There’s No Such Thing As a Happy Ending On The Internet

This week in The New Yorker, Ariel Levy travels to Steubenville, Ohio, to follow up on the rape case that became a national news story last year, thanks in part to the early digging of a local blogger named Alexandria Goddard and the hacktivist group Anonymous. Levy’s story (which, as even casual followers of the case can imagine, is not an easy read), focuses mainly on the fallout from the role social media played in the investigation. In the following months, she writes, “it has been difficult to distinguish between virtual and physical reality in Steubenville”:

In trying to determine what happened in Steubenville, the police and the public began with the same information, gathered from the same online sources: ugly tweets, the Instagram photograph, and a deeply disturbing video. But while the police commandeered phones, interviewed witnesses, and collected physical evidence from the crime scene, readers online relied on collaborative deduction. The story they produced felt archetypally right. The “hacktivists” of Anonymous were modern-day Peter Parkers — computer nerds who put on a costume and were transformed into superhero vigilantes. The girl from West Virginia stood in for every one of the world’s female victims: nameless, faceless, stripped of identity or agency. And there was a satisfying villain. Teen-age boys who play football in Steubenville — among many other places — are aggrandized and often do end up with a sense of thuggish entitlement.

In versions of the story that spread online, the girl was lured to the party and then drugged. While she was delirious, she was transported in the trunk of a car, and then a gang of football players raped her over and over again and urinated on her body while her peers watched, transfixed. The town, desperate to protect its young princes, contrived to cover up the crime. If not for Goddard’s intercession, the police would have happily let everyone go. None of that is true.

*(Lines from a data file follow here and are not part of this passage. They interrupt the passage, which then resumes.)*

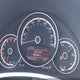 3VWJ17AT6GM619273 2016 Volkswagen Beetle 1.8T Se auction photo thumbnail 7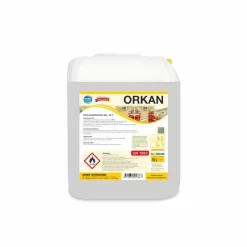 ARCORA Kühlhausreiniger Bis -30°C ORKAN, 10L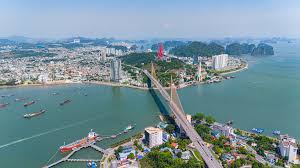 Quảng Ninh bứt phá mạnh mẽ, tăng trưởng cao nhất cả nước năm 2025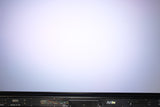 LAM-ED3B172 LumiRain TRI12 - KobeUSA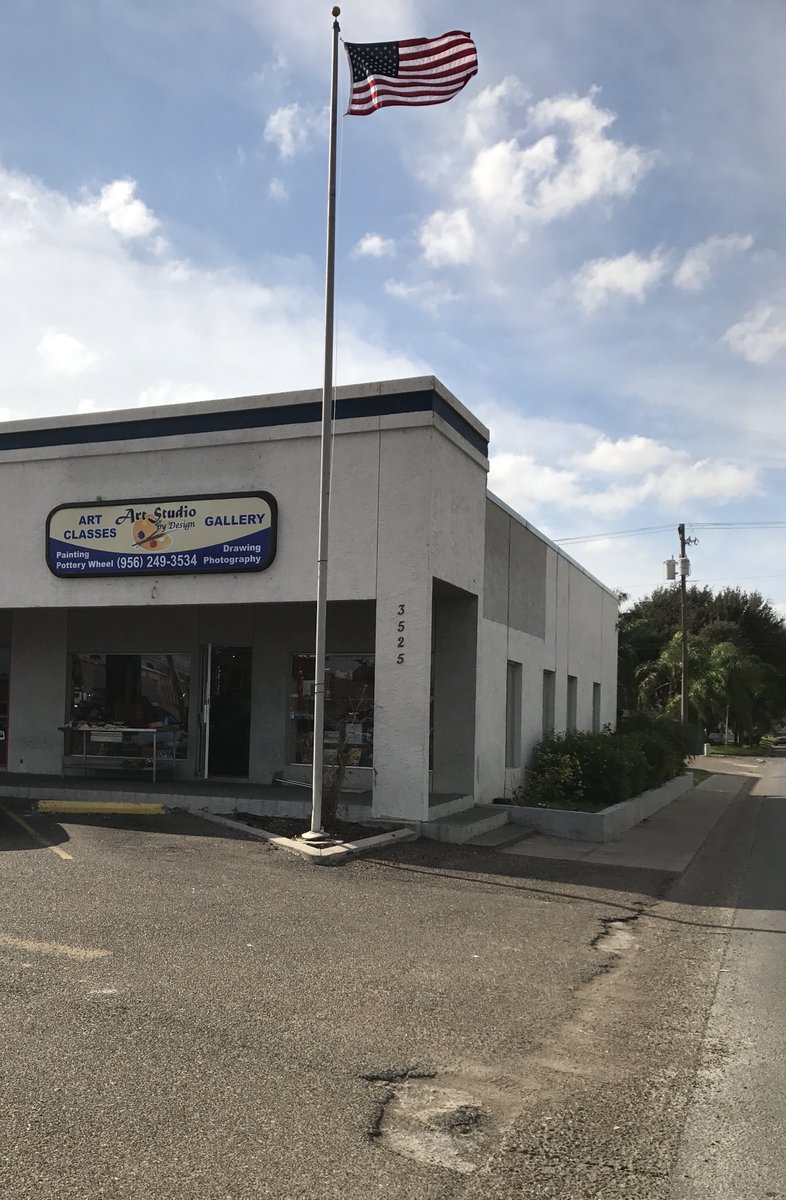 Karen Norberg (NorbergKaren) Twitter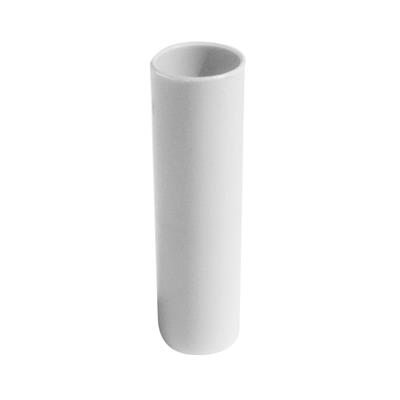 MANGUITO TUBO-TUBO RKM/20MM GEWISS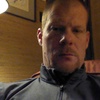 patrick, 44, г.Дестин patrick, 44, г.Дестин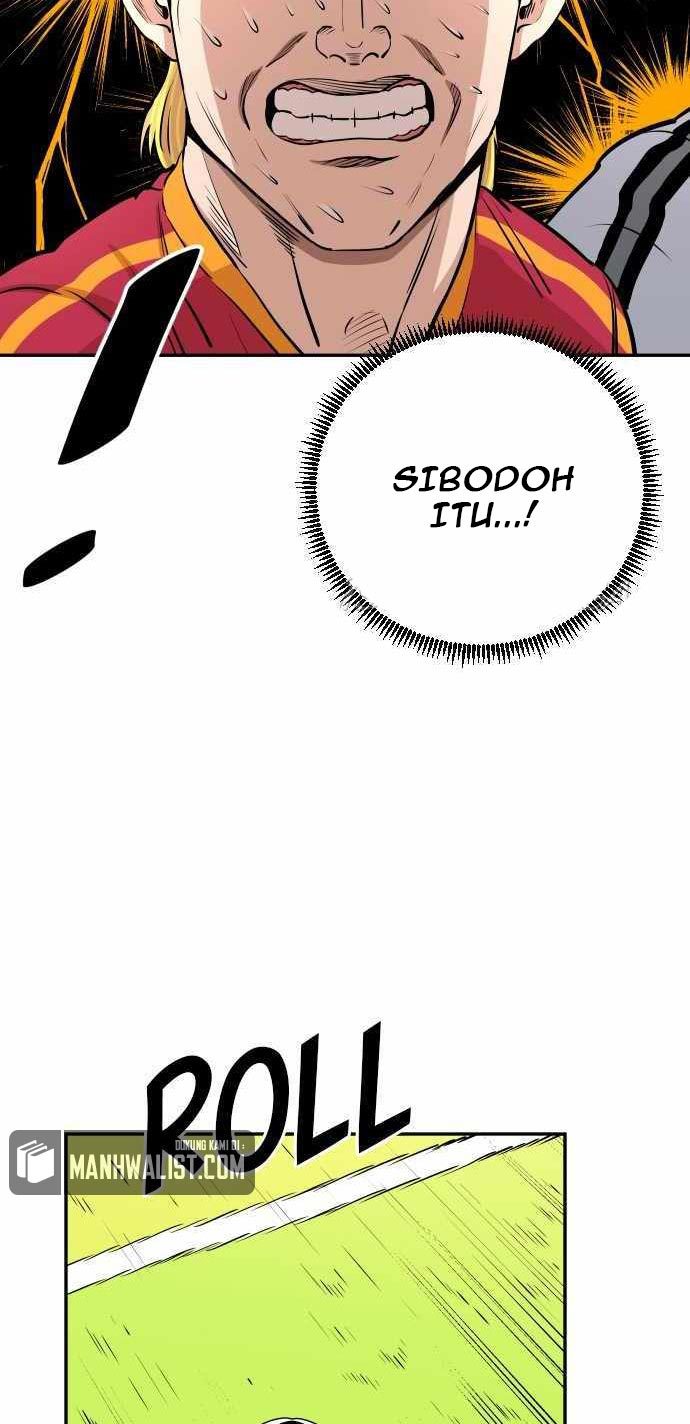 Baca Build Up - Chapter 78 halaman 42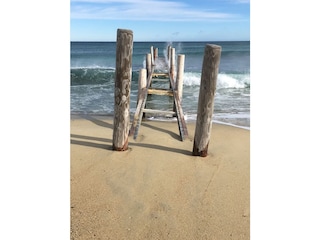 Villa Grimaud Omgeving 39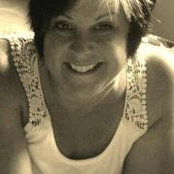 Stacey Chesterman's photo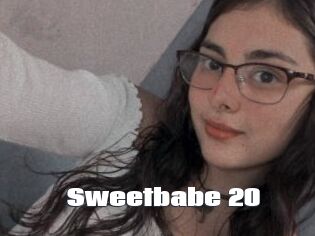 Sweetbabe_20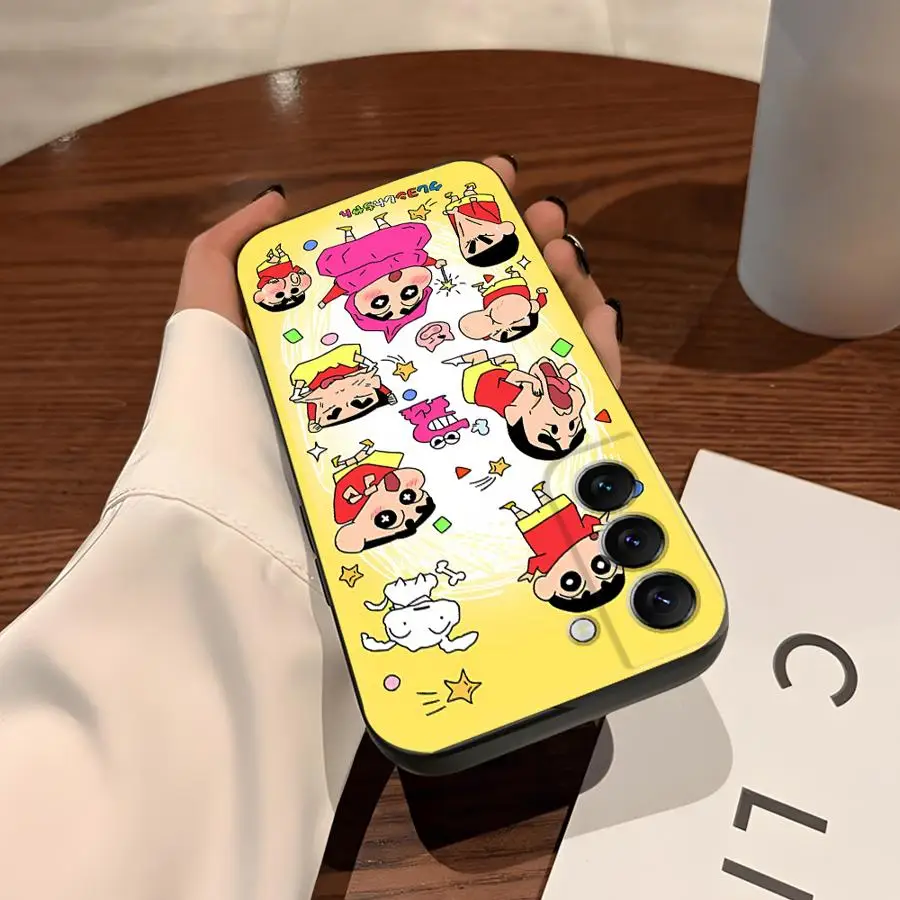 Case For Samsung Ga… - image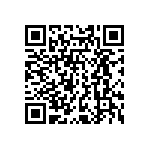 SPHWHAHDNC25YZR3D2 QRCode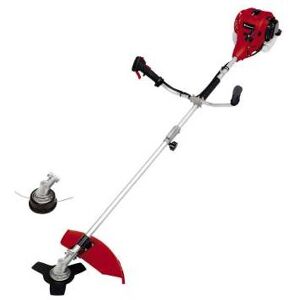 Einhell Benzin-Sense GC-BC 25/1 I AS (rot/schwarz) (3401957) Image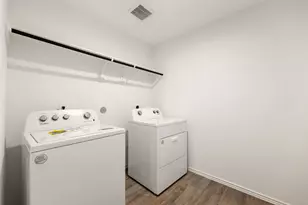 7315 Audubon Russet Dr, Richmond, TX 77469 - Photo 28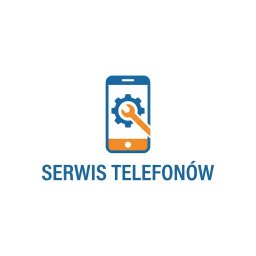 Krystian Wiktor - Wsparcie IT Marcisz&oacute;w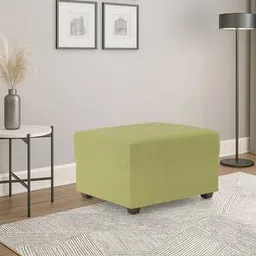 scm Sofa Cover-picture-24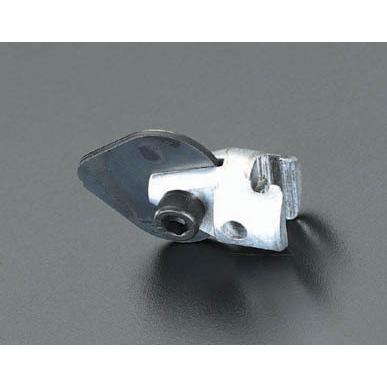 【メーカー在庫あり】 000012067930 エスコ ESCO 1 3/4\" スペードカッター(9.5mm用) SP店"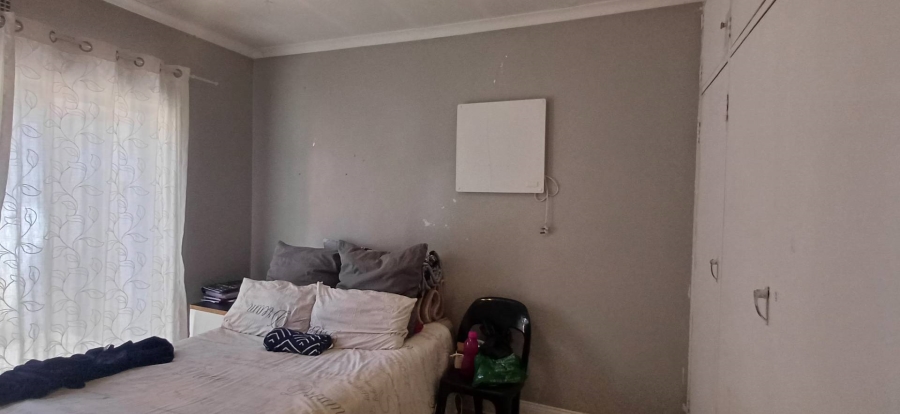 3 Bedroom Property for Sale in Kilner Park Gauteng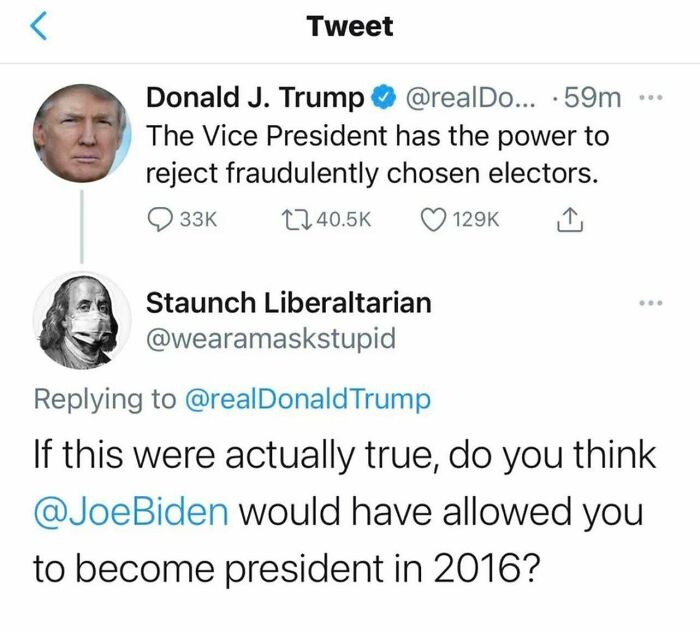 And The Survey Says.....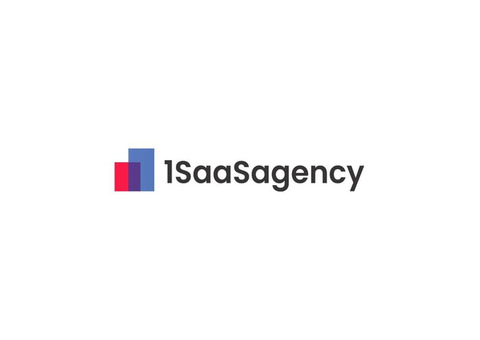 Grow Your SaaS Business with 1SaaS Agency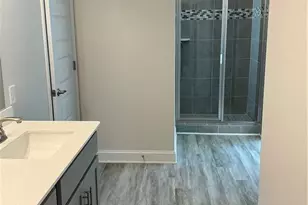 267 Eason, Bowdon, GA 30108 - Photo 8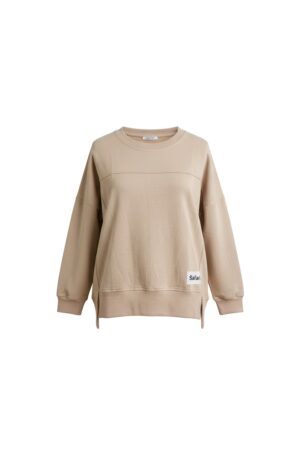 Sweatshirt SAFARI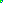 Expansion exp-41486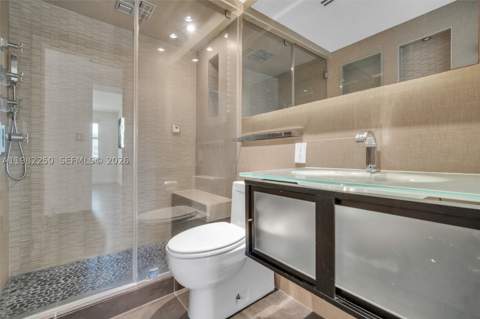 199 Ocean Lane Dr 1009, Key Biscayne FL - photo 20 of 31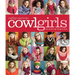 Cowl Girls: The Neck's Big Thing to Knit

This month’s other cautionary tale about the Internet comes from the New York Times Magazine, where Jay Caspian Kang revisits Reddit’s role in naming a missing college student, Sunil Tripathi, as a possible subject in the hours after the Boston Marathon bombing. Tripathi’s body was later found in the Providence River. Kang compares journalists’ eager spread of the rumor to the Redditor’s pursuit of the “upvote”: “If you’re wondering why so many writers and journalists from such divergent backgrounds would feel the need to instantly tweet out unconfirmed information to their followers, all you have to do is think of the modern Internet reporter as some form of super Redditor — to be silent is to lose points. To be retweeted is to gain them.”